A chief concern of designers of SAN and NAS equipment is, of course, fast access to files. Merely locating audio clips,
video clips, and large databases is not enough; fast access and loading of the data is critical. To this end, fibre
channel has emerged as a fast and reliable method for making SAN and NAS equipment a reality.
Fibre channel uses high-speed serial links at either 1.0625- or 2.125-Gbps data rates to link servers, switches, routers,
disk arrays, tape systems, and RAID controllers into complex, redundantly interconnected networks which allow user
access to data in the presence of component failures. Fibre channel-derived SAN architectures are now being deployed
in increasingly complex and creative ways to solve serious data availability issues which, to-date, have been
unsolvable. Designers implementing these systems must ensure physical layer interoperability in order to reliably
deliver future scaleability to users.
Unfortunately, designing robust gigabit speed serial links is typically viewed as a black art beyond the skill of most
system architects. The most challenging area is jitter, which can adversely affect the reliability of data transfer
through the link. As you'll see, repeaters and retimers can be used to mitigate these difficulties and, with care,
provide signals that comply with all jitter-related industry specifications. To better illustrate the impact of repeaters
and retimers, let's start with a more detailed look at the physical layer of fibre channel links.
Speeding the connection
At the transmit source of a fibre channel architecture, 8 b of raw data are encoded into a 10-b character using the
8B/10B encoding scheme. This encoding scheme provides the encoded data with several critical properties of value in
serial data communications. 10-b data is serialized and transmitted through a high-speed, differential output buffer,
onto copper cable or into an optical transceiver for conversion to light. This is done with an output buffer that uses
either positive emitter coupled logic (PECL) or current mode logic (CML).

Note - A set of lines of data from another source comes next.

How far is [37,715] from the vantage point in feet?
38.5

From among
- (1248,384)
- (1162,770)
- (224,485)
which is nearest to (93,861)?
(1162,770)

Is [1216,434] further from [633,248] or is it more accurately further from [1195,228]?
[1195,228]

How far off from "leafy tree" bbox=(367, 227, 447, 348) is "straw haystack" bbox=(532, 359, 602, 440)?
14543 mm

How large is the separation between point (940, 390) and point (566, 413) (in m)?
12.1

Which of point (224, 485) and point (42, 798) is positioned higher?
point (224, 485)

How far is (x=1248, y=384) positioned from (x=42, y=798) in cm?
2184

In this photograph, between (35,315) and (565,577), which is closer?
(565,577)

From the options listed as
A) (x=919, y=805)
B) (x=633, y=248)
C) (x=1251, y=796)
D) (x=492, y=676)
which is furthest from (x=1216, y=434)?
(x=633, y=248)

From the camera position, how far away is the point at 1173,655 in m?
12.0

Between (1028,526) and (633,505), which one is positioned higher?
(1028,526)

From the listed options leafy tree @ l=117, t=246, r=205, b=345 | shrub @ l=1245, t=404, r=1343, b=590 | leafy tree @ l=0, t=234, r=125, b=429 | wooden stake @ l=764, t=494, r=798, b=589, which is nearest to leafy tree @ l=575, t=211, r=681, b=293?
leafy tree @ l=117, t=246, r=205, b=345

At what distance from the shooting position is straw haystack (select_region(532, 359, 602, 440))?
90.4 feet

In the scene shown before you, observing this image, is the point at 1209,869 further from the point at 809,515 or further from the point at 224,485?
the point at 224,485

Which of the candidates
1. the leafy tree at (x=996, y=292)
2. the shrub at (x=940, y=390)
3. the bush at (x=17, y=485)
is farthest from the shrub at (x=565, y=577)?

At the other end of the fibre channel link, high-speed differential data from the copper cable or output of an optical
transceiver is input to a high-speed, differential input buffer that drives a clock and data recovery (CDR) unit. This CDR
extracts a bit-rate clock from the serial data, samples the data, then deserializes and decodes it into 8-b raw data.
The deserializer aligns the recovered serial data to the 8-b parallel bus and uses a distinct 7-b comma character
(0011111) in the serial stream to identify alignment boundaries. This parallel data is then pro-cessed by higher-level
functions.
The 8B/10B encoding aids serial communications by conditioning the transmitted signal in order to ease the receiver
implementation. 8B/10B encodes raw data into a 10-b character, which has guaranteed edge density (30% on average)
and limited run length (5 b maximum) making the CDR easier to design. Furthermore, 8B/10B also ensures that DC
balance is maintained on the copper cable so that the receiver does not see a DC shift at its input. Due to the 8B/10B
encoding, links may be AC coupled in order to provide implementation flexibility between vendors at each end of the
link.
In most serial protocols, there is an assumption that the transmitting system and receiving system are asynchronous
to each other. In fibre channel, each side of the link is normally implemented using oscillators with plus/minus 100
parts per million (PPM) frequency tolerance so that the receiver sees potentially up to plus/minus 200 PPM between
the baud rate of the incoming data and that of its local reference clock. All circuit functions that recover data, either
serially or in parallel, must accommodate this frequency offset.
All that jitter
By the time the serial signal reaches a receiver, various forms of jitter may have been added to the signal, making
reliable, error-free data recovery difficult. Jitter is the displacement of a signal's edge from its ideal location and may
be caused by numerous factors. Random jitter is unbounded Gaussian jitter (caused primarily by thermal noise) which
is generated in clock multiplier units (CMUs) in transmitters and in optical transceivers.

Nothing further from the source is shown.